---------- PROVIDED DATA

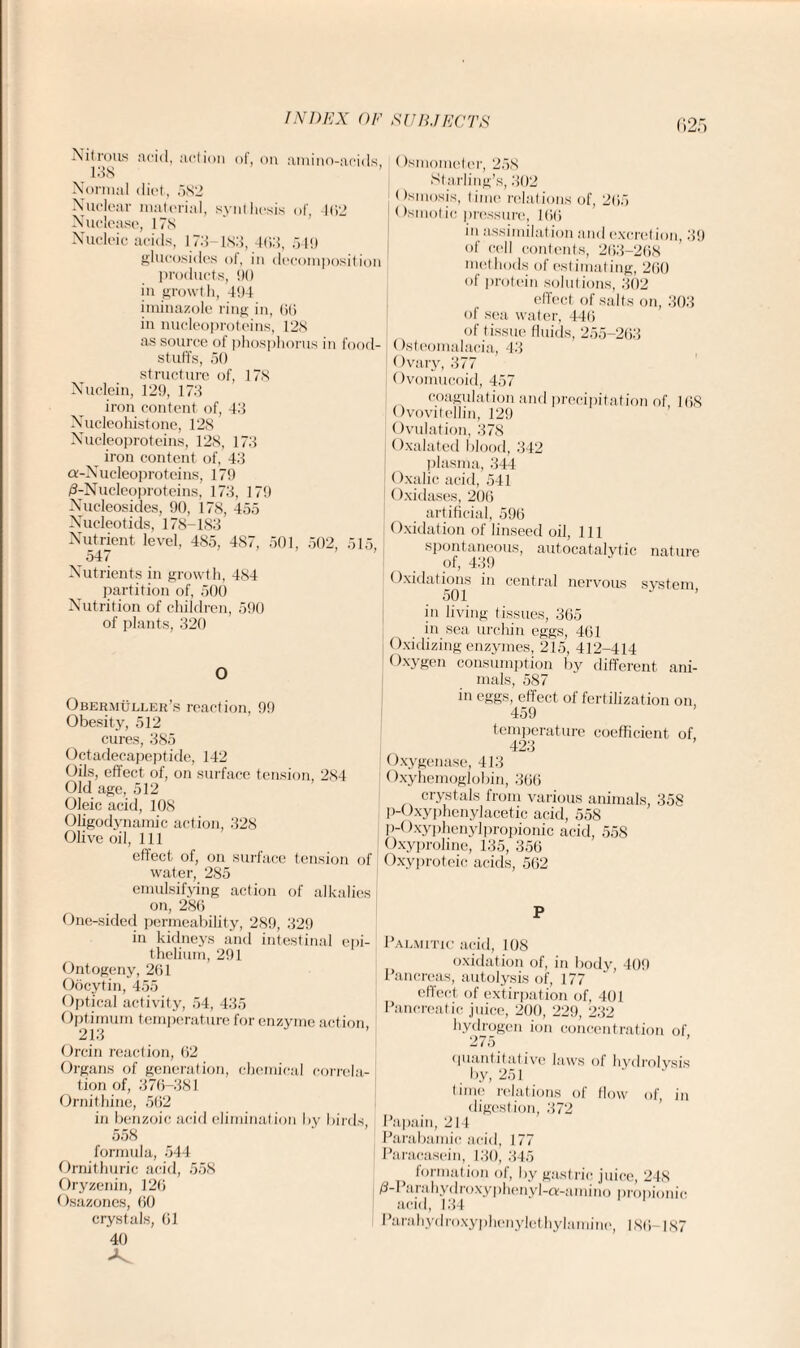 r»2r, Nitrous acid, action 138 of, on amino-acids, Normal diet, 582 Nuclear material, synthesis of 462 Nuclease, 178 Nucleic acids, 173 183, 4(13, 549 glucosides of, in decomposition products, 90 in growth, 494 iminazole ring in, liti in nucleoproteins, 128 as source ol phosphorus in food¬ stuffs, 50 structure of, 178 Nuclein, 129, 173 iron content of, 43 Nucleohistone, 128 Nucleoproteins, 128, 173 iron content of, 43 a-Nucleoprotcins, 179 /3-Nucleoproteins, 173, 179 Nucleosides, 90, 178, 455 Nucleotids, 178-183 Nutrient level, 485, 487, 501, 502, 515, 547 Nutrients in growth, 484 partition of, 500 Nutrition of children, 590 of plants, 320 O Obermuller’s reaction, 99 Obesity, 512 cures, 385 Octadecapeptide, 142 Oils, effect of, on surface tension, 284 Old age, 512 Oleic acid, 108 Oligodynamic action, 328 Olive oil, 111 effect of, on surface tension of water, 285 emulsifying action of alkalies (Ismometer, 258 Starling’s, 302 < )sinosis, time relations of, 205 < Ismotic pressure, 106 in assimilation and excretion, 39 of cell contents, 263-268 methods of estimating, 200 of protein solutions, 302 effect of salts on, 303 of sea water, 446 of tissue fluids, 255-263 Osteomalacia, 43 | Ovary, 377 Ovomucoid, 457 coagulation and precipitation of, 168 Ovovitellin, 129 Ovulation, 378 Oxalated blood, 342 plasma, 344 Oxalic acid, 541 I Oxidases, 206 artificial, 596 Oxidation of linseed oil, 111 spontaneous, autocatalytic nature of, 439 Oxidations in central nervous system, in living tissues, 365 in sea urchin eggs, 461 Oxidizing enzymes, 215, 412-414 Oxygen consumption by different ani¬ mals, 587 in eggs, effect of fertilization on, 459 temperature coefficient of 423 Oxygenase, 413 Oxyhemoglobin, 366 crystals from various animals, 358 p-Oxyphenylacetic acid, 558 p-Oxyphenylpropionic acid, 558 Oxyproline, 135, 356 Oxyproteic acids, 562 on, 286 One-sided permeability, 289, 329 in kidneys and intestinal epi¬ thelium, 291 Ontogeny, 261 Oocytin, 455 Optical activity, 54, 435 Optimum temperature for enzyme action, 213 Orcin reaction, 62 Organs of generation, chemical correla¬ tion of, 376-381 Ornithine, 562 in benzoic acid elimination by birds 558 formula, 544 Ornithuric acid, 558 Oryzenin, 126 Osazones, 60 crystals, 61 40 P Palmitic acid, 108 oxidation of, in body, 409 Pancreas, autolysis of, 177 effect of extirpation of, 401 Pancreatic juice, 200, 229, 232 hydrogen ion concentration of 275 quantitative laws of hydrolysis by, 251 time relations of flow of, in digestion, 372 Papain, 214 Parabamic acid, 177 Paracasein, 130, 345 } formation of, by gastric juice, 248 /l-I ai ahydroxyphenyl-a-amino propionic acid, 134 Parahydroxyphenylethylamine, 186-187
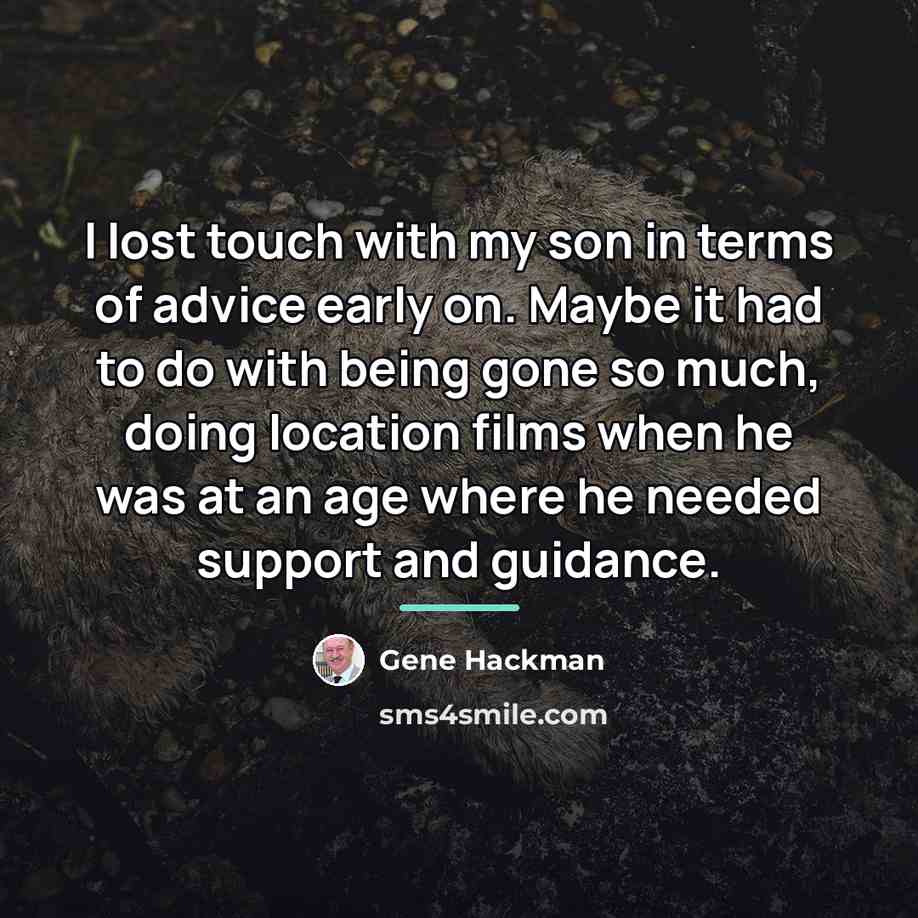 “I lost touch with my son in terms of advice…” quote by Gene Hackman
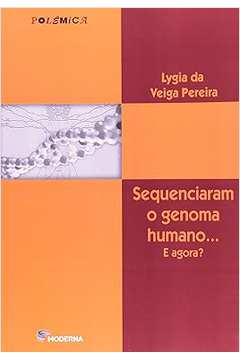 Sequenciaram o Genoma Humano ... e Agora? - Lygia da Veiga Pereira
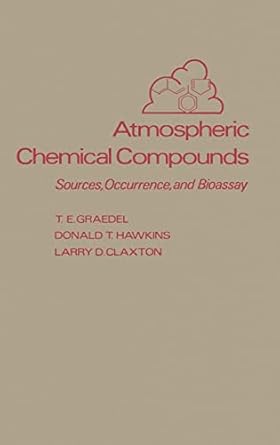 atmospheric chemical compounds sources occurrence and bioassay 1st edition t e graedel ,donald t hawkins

--------------------

» **WORK ORDER**: Could you reproduce all of the data above exactly and skip any image?

» **ANSWER FOR THIS EXERCISE**:
 r»2r, Nitrous acid, action 138 of, on amino-acids, Normal diet, 582 Nuclear material, synthesis of 462 Nuclease, 178 Nucleic acids, 173 183, 4(13, 549 glucosides of, in decomposition products, 90 in growth, 494 iminazole ring in, liti in nucleoproteins, 128 as source ol phosphorus in food¬ stuffs, 50 structure of, 178 Nuclein, 129, 173 iron content of, 43 Nucleohistone, 128 Nucleoproteins, 128, 173 iron content of, 43 a-Nucleoprotcins, 179 /3-Nucleoproteins, 173, 179 Nucleosides, 90, 178, 455 Nucleotids, 178-183 Nutrient level, 485, 487, 501, 502, 515, 547 Nutrients in growth, 484 partition of, 500 Nutrition of children, 590 of plants, 320 O Obermuller’s reaction, 99 Obesity, 512 cures, 385 Octadecapeptide, 142 Oils, effect of, on surface tension, 284 Old age, 512 Oleic acid, 108 Oligodynamic action, 328 Olive oil, 111 effect of, on surface tension of water, 285 emulsifying action of alkalies (Ismometer, 258 Starling’s, 302 < )sinosis, time relations of, 205 < Ismotic pressure, 106 in assimilation and excretion, 39 of cell contents, 263-268 methods of estimating, 200 of protein solutions, 302 effect of salts on, 303 of sea water, 446 of tissue fluids, 255-263 Osteomalacia, 43 | Ovary, 377 Ovomucoid, 457 coagulation and precipitation of, 168 Ovovitellin, 129 Ovulation, 378 Oxalated blood, 342 plasma, 344 Oxalic acid, 541 I Oxidases, 206 artificial, 596 Oxidation of linseed oil, 111 spontaneous, autocatalytic nature of, 439 Oxidations in central nervous system, in living tissues, 365 in sea urchin eggs, 461 Oxidizing enzymes, 215, 412-414 Oxygen consumption by different ani¬ mals, 587 in eggs, effect of fertilization on, 459 temperature coefficient of 423 Oxygenase, 413 Oxyhemoglobin, 366 crystals from various animals, 358 p-Oxyphenylacetic acid, 558 p-Oxyphenylpropionic acid, 558 Oxyproline, 135, 356 Oxyproteic acids, 562 on, 286 One-sided permeability, 289, 329 in kidneys and intestinal epi¬ thelium, 291 Ontogeny, 261 Oocytin, 455 Optical activity, 54, 435 Optimum temperature for enzyme action, 213 Orcin reaction, 62 Organs of generation, chemical correla¬ tion of, 376-381 Ornithine, 562 in benzoic acid elimination by birds 558 formula, 544 Ornithuric acid, 558 Oryzenin, 126 Osazones, 60 crystals, 61 40 P Palmitic acid, 108 oxidation of, in body, 409 Pancreas, autolysis of, 177 effect of extirpation of, 401 Pancreatic juice, 200, 229, 232 hydrogen ion concentration of 275 quantitative laws of hydrolysis by, 251 time relations of flow of, in digestion, 372 Papain, 214 Parabamic acid, 177 Paracasein, 130, 345 } formation of, by gastric juice, 248 /l-I ai ahydroxyphenyl-a-amino propionic acid, 134 Parahydroxyphenylethylamine, 186-187
 “I lost touch with my son in terms of advice…” quote by Gene Hackman
 Sequenciaram o Genoma Humano ... e Agora? - Lygia da Veiga Pereira
 atmospheric chemical compounds sources occurrence and bioassay 1st edition t e graedel ,donald t hawkins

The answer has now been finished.